A more recent attempt at designing a reusable space vehicle came with the X-33 program based at NASA’s Marshall Space Flight Center in the 1990s. The goal of the X-33 program was to build a test vehicle that could demonstrate the technologies needed for a single-stage-to-orbit launch vehicle — that is, the entire vehicle would go all the way into space and return, without dropping any stages on its way up. The X-33 itself wasn’t designed to go into orbit; it was a subscale version intended to show that a larger orbital vehicle (called “VentureStar” by the winning contractor, Lockheed Martin) could be built commercially. Because it incorporated several cutting-edge technologies in a single vehicle, it was a very risky program, and in fact was chosen for that reason — NASA wanted to “push the technological envelope.” A key element of the program was that the proposal evaluation would be based in part on a “business plan” purporting to show how the winning contractor would proceed with its own (or private) money instead of relying solely on the federal government.
Unfortunately, Lockheed Martin had nearly no commercial experience since the 1970s; the company was (and still is) almost exclusively a government contractor. Its proposed business plan for VentureStar relied on taking over the existing communications satellite market and the space shuttle missions (primarily to provide support to the International Space Station). But since the business plan didn’t propose to open up any significant new markets, which would increase the flight rate to a level that justified the development of a reusable vehicle, it appeared from the start to be unrealistic.

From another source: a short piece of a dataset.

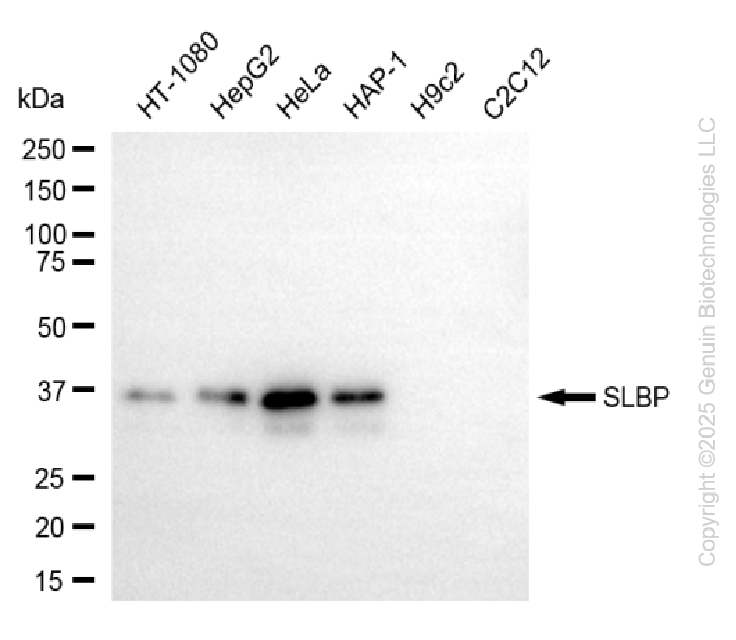 SLBP antibody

One cynical view is that Lockheed Martin achieved its strategic business objective simply by winning the contract. If the X-33 project was a success, Lockheed would take away business from its competitors. And if it was a failure, Lockheed would prevent the development of a new vehicle to compete against its own existing Atlas and Titan rockets and its stake in the space shuttle. NASA apparently didn’t notice — or didn’t care — that by selecting an incumbent launch vehicle provider, there were intrinsic incentives for program failure. Nor did it occur to them, more generally, that one shouldn’t seek innovation from an entity with a massive stake in the status quo. In the end, the X-33 never flew and the project was cancelled in early 2001 after spending more than a billion dollars.

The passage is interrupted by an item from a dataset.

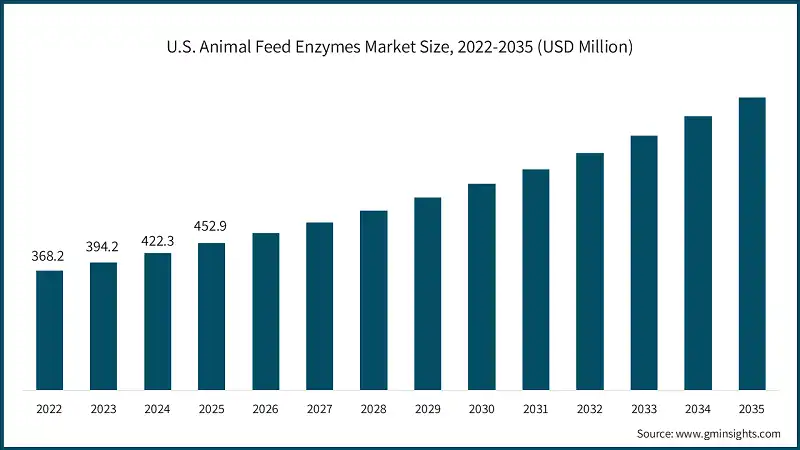 U.S. Animal Feed Enzymes Market Size, 2022-2035 (USD Million)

So what were the lessons of the X-33 (and the X-34, another failed Marshall program)? According to a March 2001 statement from Art Stephenson, director of NASA’s Marshall Space Flight Center, “We have gained a tremendous amount of knowledge from these X-programs, but one of the things we have learned is that our technology has not yet advanced to the point that we can successfully develop a new reusable launch vehicle that substantially improves safety, reliability and affordability.” But this conclusion is absurd. In reality, all that the X-33 and X-34 failures proved was that we did not have the technologies in place to build an X-33 and an X-34. But few, if any, of these technologies are essential to building a generic reusable launch system. Since there hasn’t been any evidence to the contrary, the common-sense view from the 1960s — reusability will save money — is still a very reasonable proposition.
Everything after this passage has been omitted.